### Stored records

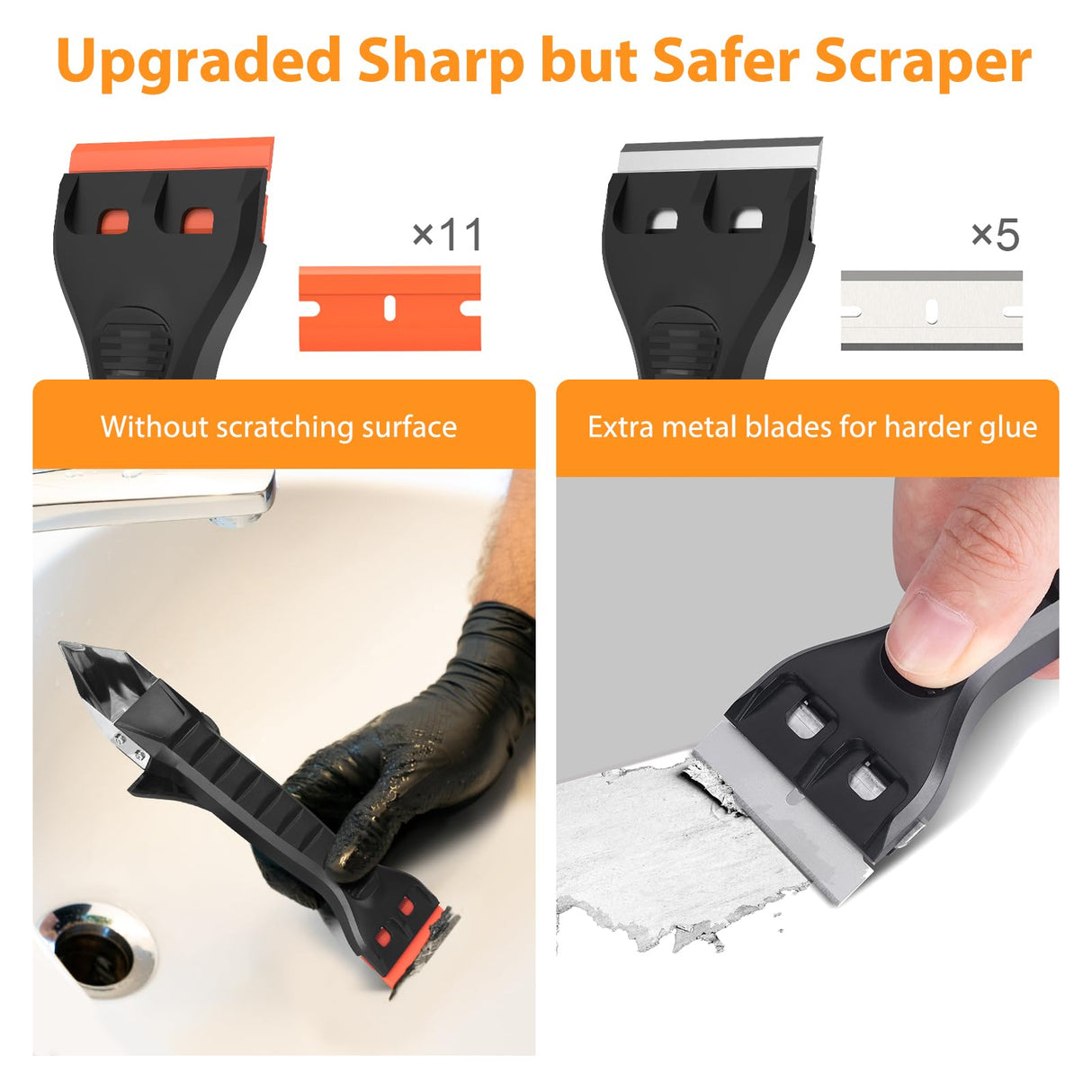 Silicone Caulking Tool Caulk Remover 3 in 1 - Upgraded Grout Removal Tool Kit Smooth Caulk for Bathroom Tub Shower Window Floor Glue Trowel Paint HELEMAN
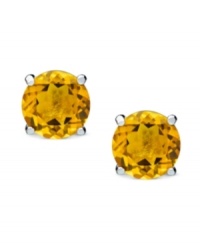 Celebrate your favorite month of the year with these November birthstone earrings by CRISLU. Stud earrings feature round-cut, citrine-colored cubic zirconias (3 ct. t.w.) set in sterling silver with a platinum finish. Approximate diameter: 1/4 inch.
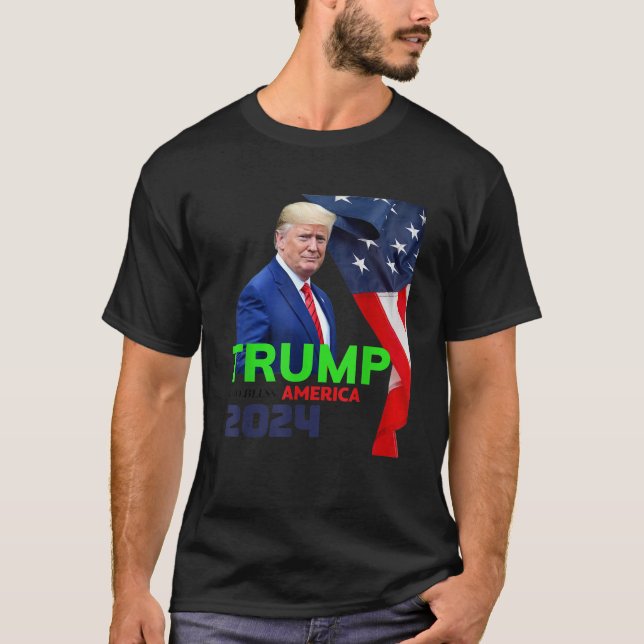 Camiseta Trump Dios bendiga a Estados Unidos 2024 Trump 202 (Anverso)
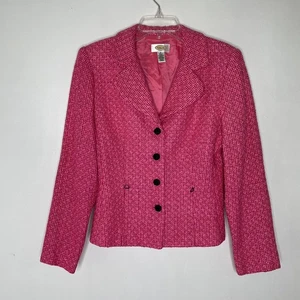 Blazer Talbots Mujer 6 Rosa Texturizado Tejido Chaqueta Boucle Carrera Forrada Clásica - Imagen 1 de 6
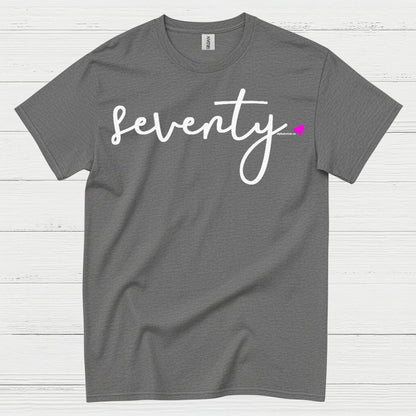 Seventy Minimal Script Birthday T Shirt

### TRY IT
Only the lines from the one containing "Celebrate your favorite" through the end of the records above should be retyped, exactly as they stand, with any pictures left out.

### SOLVED PROBLEM
 Celebrate your favorite month of the year with these November birthstone earrings by CRISLU. Stud earrings feature round-cut, citrine-colored cubic zirconias (3 ct. t.w.) set in sterling silver with a platinum finish. Approximate diameter: 1/4 inch.
 Camiseta Trump Dios bendiga a Estados Unidos 2024 Trump 202 (Anverso)
 Blazer Talbots Mujer 6 Rosa Texturizado Tejido Chaqueta Boucle Carrera Forrada Clásica - Imagen 1 de 6
 Seventy Minimal Script Birthday T Shirt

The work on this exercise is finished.